[Information given]
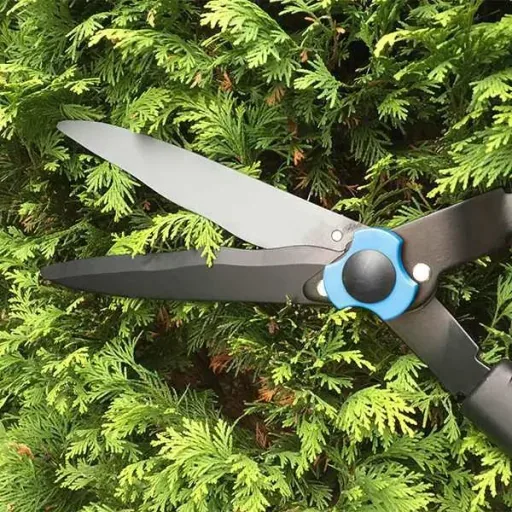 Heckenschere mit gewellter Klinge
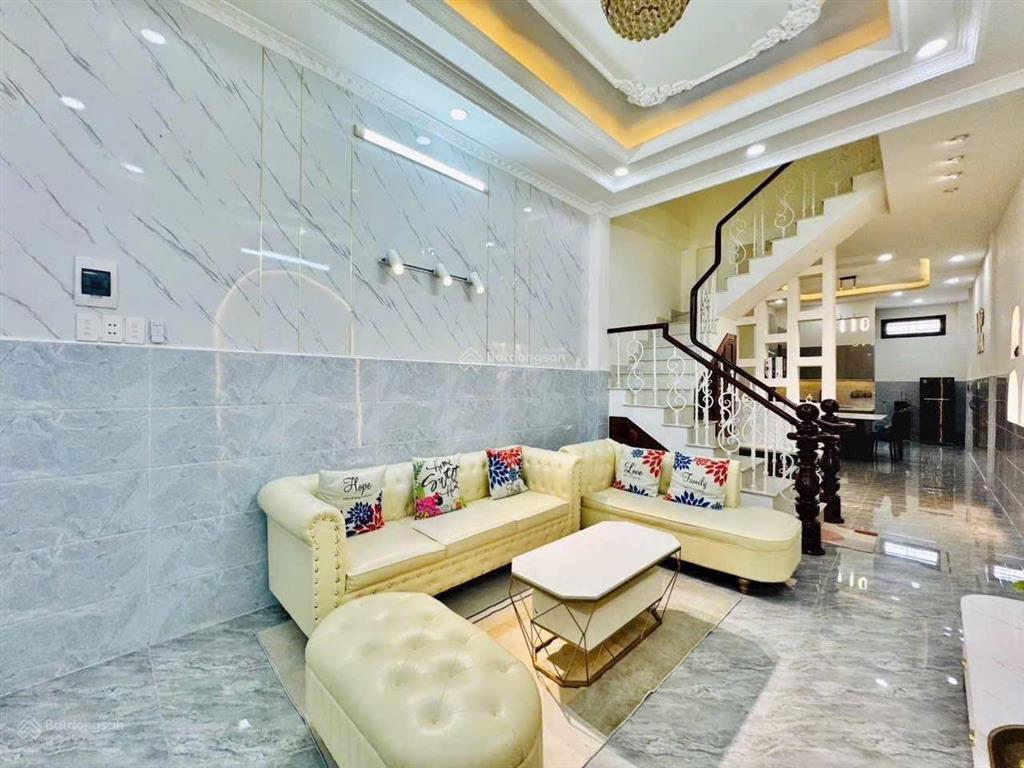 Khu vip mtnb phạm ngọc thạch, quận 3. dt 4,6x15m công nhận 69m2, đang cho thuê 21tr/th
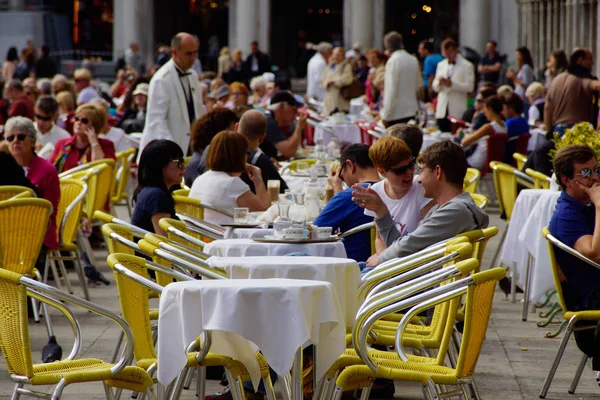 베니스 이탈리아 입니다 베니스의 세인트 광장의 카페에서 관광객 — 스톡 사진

==

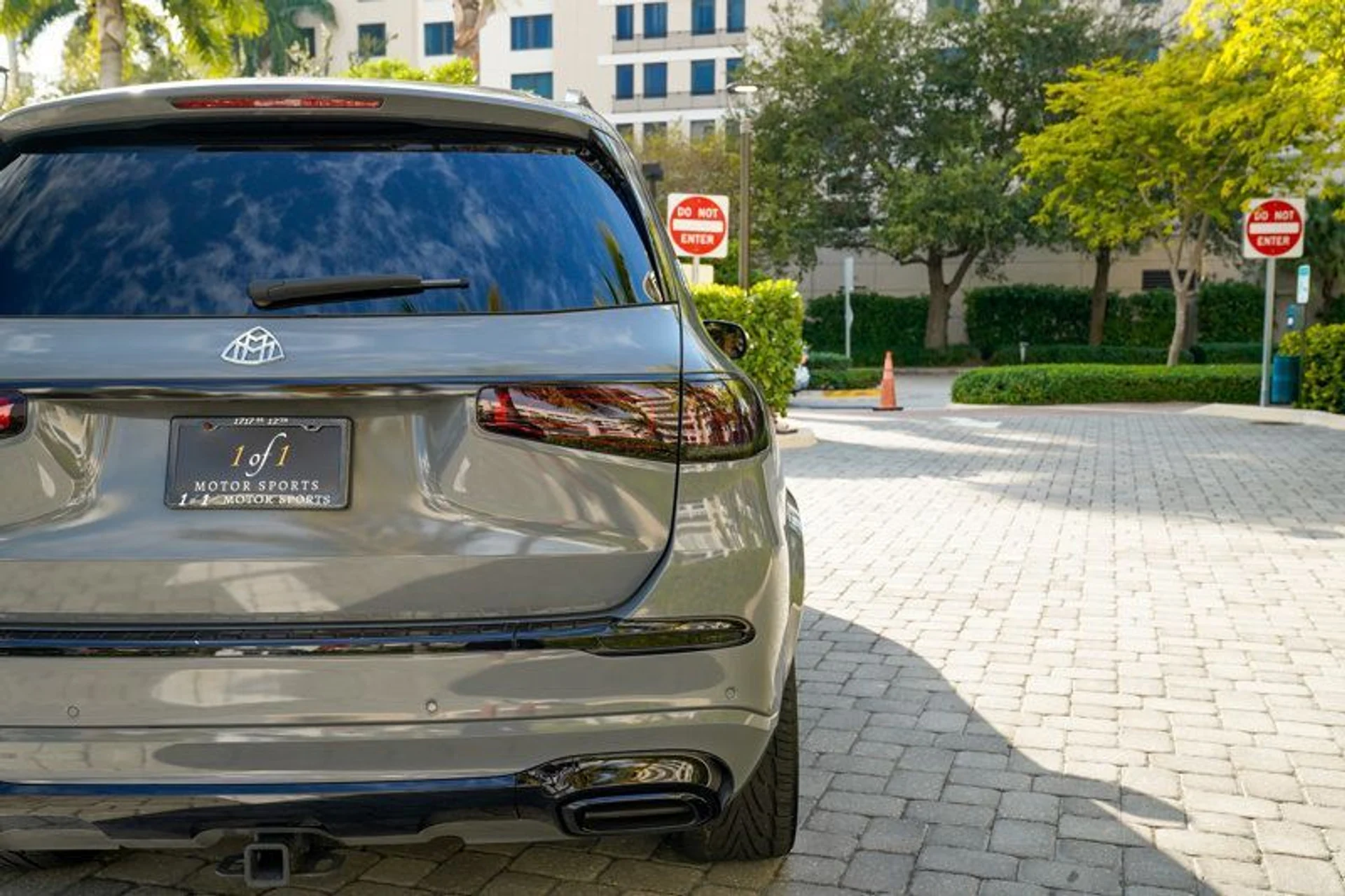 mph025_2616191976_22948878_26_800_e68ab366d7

==

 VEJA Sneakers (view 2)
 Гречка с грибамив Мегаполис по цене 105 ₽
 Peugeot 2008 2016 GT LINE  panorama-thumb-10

[What needs to be done]
Starting at the line above that has "Heckenschere mit gewellter Klinge" and ending at the line that has "베니스 이탈리아 입니다 베니스의 세인트 광장의 카페에서 관광객 — 스톡 사진", copy each line exactly, leaving the pictures out and adding nothing.

[Task solution]
 Heckenschere mit gewellter Klinge
 Khu vip mtnb phạm ngọc thạch, quận 3. dt 4,6x15m công nhận 69m2, đang cho thuê 21tr/th
 베니스 이탈리아 입니다 베니스의 세인트 광장의 카페에서 관광객 — 스톡 사진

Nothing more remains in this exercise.